On Saturday, Israeli Prime Minister Benjamin Netanyahu had a very different story to tell about what he said was a “unique and unprecedented era of global and regional cooperation.”
“The State of Israel will be a central junction in this economic corridor. Our railways and ports will open a new gateway from India through the Middle East to Europe and back—from Europe to India via Jordan, Saudi Arabia and the United Arab Emirates,” he stated.
“This link will also realize a multi-year vision that will change the face of the Middle East and Israel, and will affect the entire world,” added the prime minister. “Its vision reshapes the face of our region and allows a dream to become reality.”
‘Node between Europe and the Middle East’
Israel is “the node” between Europe and the Middle East, according to Michael Rubin, a senior fellow at the American Enterprise Institute who specializes in Iran, Turkey and the Middle East.
“Items shipped across the Arabian Peninsula by rail are loaded onto cargo ships in Haifa, where Indian interests have made an end run against China’s ambition to control the port,” Rubin told JNS.
“That said: Biden’s team holds grudges. It will never appreciate Israel for the ally it is,” he added. “Israel should take White House silence as a compliment because the Biden team’s anti-Israel pandering would otherwise jump on any excuse to lambaste the Jewish state.”
Victoria Coates, vice president at the Heritage Foundation’s Davis Institute for National Security and Foreign Policy, told JNS that Israel’s absence from the White House announcement is one of many questions about the new initiative.
“I would also like to know what the burden is on the U.S. taxpayer for this project, how it will be paid for, what U.S. companies might be involved and what is the return America can expect from this investment,” she said.

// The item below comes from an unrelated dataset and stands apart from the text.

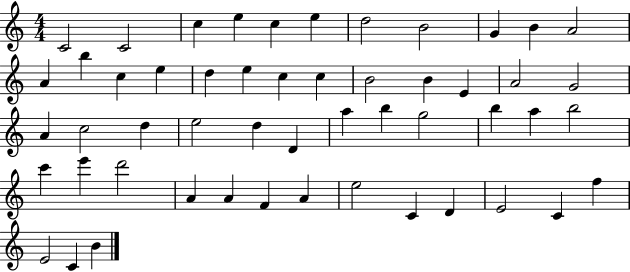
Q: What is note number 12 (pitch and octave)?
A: A4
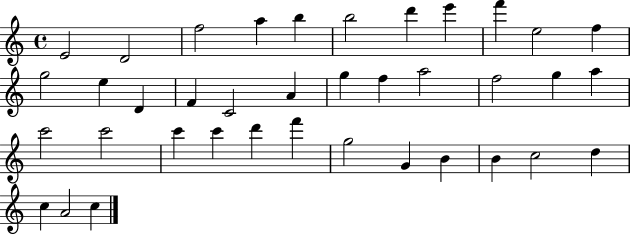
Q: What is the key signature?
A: C major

‘Huge stimulus to Middle East regional growth’
On Sept. 10, Israeli Ambassador to the United States Michael Herzog responded on social media to a post from U.S. President Joe Biden, which touted the “historic agreement,” without mentioning Israel.

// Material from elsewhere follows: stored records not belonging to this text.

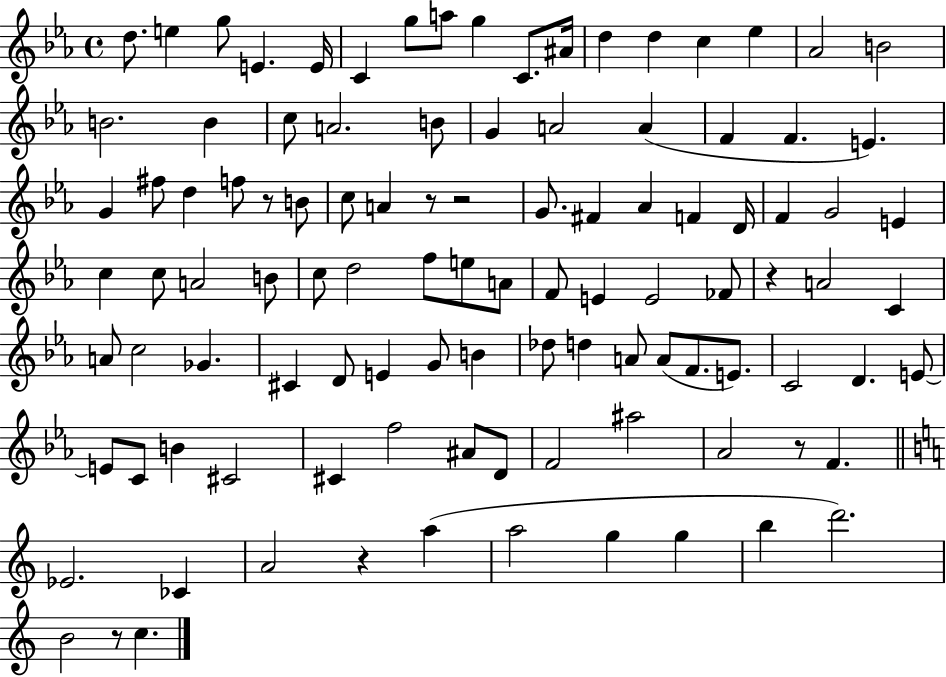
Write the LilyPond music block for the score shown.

{
  \clef treble
  \time 4/4
  \defaultTimeSignature
  \key ees \major
  \repeat volta 2 { d''8. e''4 g''8 e'4. e'16 | c'4 g''8 a''8 g''4 c'8. ais'16 | d''4 d''4 c''4 ees''4 | aes'2 b'2 | \break b'2. b'4 | c''8 a'2. b'8 | g'4 a'2 a'4( | f'4 f'4. e'4.) | \break g'4 fis''8 d''4 f''8 r8 b'8 | c''8 a'4 r8 r2 | g'8. fis'4 aes'4 f'4 d'16 | f'4 g'2 e'4 | \break c''4 c''8 a'2 b'8 | c''8 d''2 f''8 e''8 a'8 | f'8 e'4 e'2 fes'8 | r4 a'2 c'4 | \break a'8 c''2 ges'4. | cis'4 d'8 e'4 g'8 b'4 | des''8 d''4 a'8 a'8( f'8. e'8.) | c'2 d'4. e'8~~ | \break e'8 c'8 b'4 cis'2 | cis'4 f''2 ais'8 d'8 | f'2 ais''2 | aes'2 r8 f'4. | \break \bar "||" \break \key c \major ees'2. ces'4 | a'2 r4 a''4( | a''2 g''4 g''4 | b''4 d'''2.) | \break b'2 r8 c''4. | } \bar "|."
}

“Thank you to the Biden administration for leading the historic project announced yesterday at the G-20 in India, which will establish an economic corridor between Asia and Europe and go through the Gulf, Jordan and Israel,” he wrote.
“We look forward to working with the U.S. administration and other partners in the region and beyond to realize this groundbreaking project,” Herzog added.

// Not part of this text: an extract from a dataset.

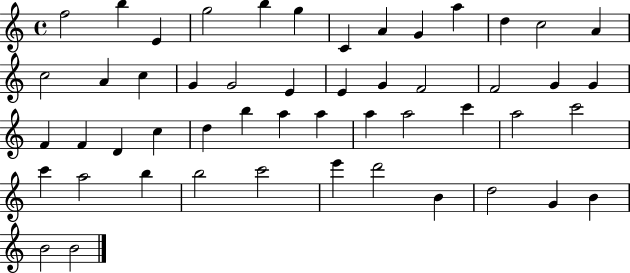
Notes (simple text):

F5/h B5/q E4/q G5/h B5/q G5/q C4/q A4/q G4/q A5/q D5/q C5/h A4/q C5/h A4/q C5/q G4/q G4/h E4/q E4/q G4/q F4/h F4/h G4/q G4/q F4/q F4/q D4/q C5/q D5/q B5/q A5/q A5/q A5/q A5/h C6/q A5/h C6/h C6/q A5/h B5/q B5/h C6/h E6/q D6/h B4/q D5/h G4/q B4/q B4/h B4/h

Gary Dugan, chief investment officer of Dalma Capital, added on social media that one of the “huge implications” of the G20 agreement was “the engagement of Israel in a global trade route and with the key partners of the Kingdom of Saudi Arabia and United Arab Emirates.”
Another implication, to Dugan, would be “a huge stimulus to Middle East regional growth, which will hopefully dampen some of the ongoing tensions with Iran, and the unresolved Palestine issue.”
The American Israel Public Affairs Committee applauded the White House’s “ambitious plan, developed together with Israel, that will foster greater economic and security partnerships between America, Israel and our allies across the Middle East, Europe and Asia.”
Jonathan Schanzer, senior vice president for research at the Foundation for Defense of Democracies, noted that the visuals—both videos and images—illustrating the corridor show Israel.
“Perhaps some of the Arab states preferred Israel not to be mentioned by name,” he told JNS.